On Nov. 8, 2022, California voters approved Proposition 31, a referendum on the 2020 law that would prohibit the retail sale of certain flavored tobacco products.

Less than three weeks later, attorneys for R.J. Reynolds Tobacco Company, R.J. Reynolds Vapor Company and other Reynolds tobacco subsidiaries filed an emergency lawsuit in the U.S. Supreme Court requesting that the proposition and its enforcement of Senate Bill 793 be enjoined.

Statewide, more than 63% of voters approved the proposition and even in Riverside County, 55% voters cast “Yes” ballots. But Reynolds was undeterred and filed its appeal to the Supreme Court on Nov. 29.

This week, the U.S. Supreme Court denied the appeal.

Reynolds’ attorneys argued that the Tobacco Control Act (Public Law 111-31, approved in June 2009) prohibits state and local jurisdictions from setting standards for tobacco products that are different from the federal standards. And at present, the federal government has not banned these flavored tobacco products.

Neither a district court nor the Ninth Appeals Court enjoined the enforcement of SB 793, which is why Reynolds appealed to the Supreme Court. And the Ninth Circuit of the U.S. Appeals Court has been overturned in previous cases relating to this law.

In their filing, Reynolds’ attorneys stated, “This request arises from the Ninth Circuit’s decision to effectively ignore the Tobacco Control Act’s express-preemption provision and permit states to completely prohibit the sale of flavored tobacco products for failing to meet state ‘tobacco product standards.’ Absent immediate judicial intervention, Applicants will suffer irreparable harm because they will be unable to sell their products in one of the Nation’s largest markets.”

In response, California’s Department of Justice told the court that Reynolds is more concerned about those who won’t be able to buy the flavored products than the millions of young children and teens who become smokers after using these products. The state noted that Reynolds’s study contradicting this point was prepared by one of its affiliates rather than independently.

With respect to implementing SB 793, the state argued, “The unsuccessful referendum campaign has already delayed the implementation of SB 793 for nearly two years, allowing children and teenagers across the State to be initiated into the deadly habit of tobacco use via flavored tobacco products throughout that period. The voters have now spoken, rejecting the tobacco industry’s policy arguments and approving the ban on retail sales of flavored tobacco products … tips the balance decisively in favor of allowing the will of the voters to take effect now.”

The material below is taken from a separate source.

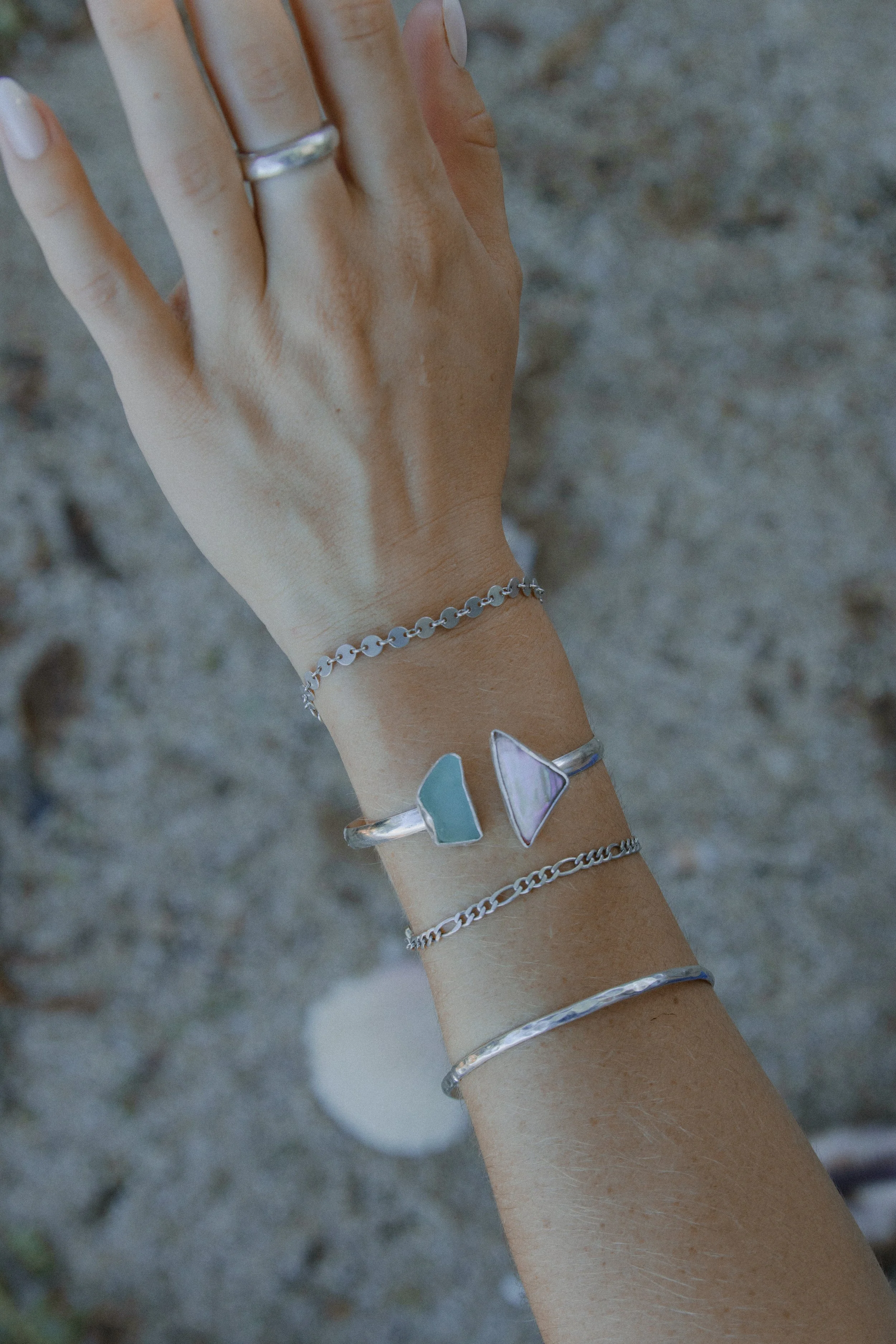Sea Glass + Abalone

Without comment and no objections, the Supreme Court rejected Reynolds’s appeal with a single sentence, “The application for a writ of injunction pending appeal presented to Justice Kagan and by her referred to the Court is denied.”

After the Supreme Court decision, California Attorney General Rob Bonta said in a press release, “Flavored tobacco products have hooked a new generation of young smokers at a time when tobacco is already the number one preventable killer in the United States. I applaud the Supreme Court for denying Big Tobacco’s latest attempt to block California’s commonsense ban on flavored tobacco products. The voters of California approved this ban by an overwhelming margin in the November election and now it will finally take effect. I look forward to continuing to defend this important law against any further legal challenges.”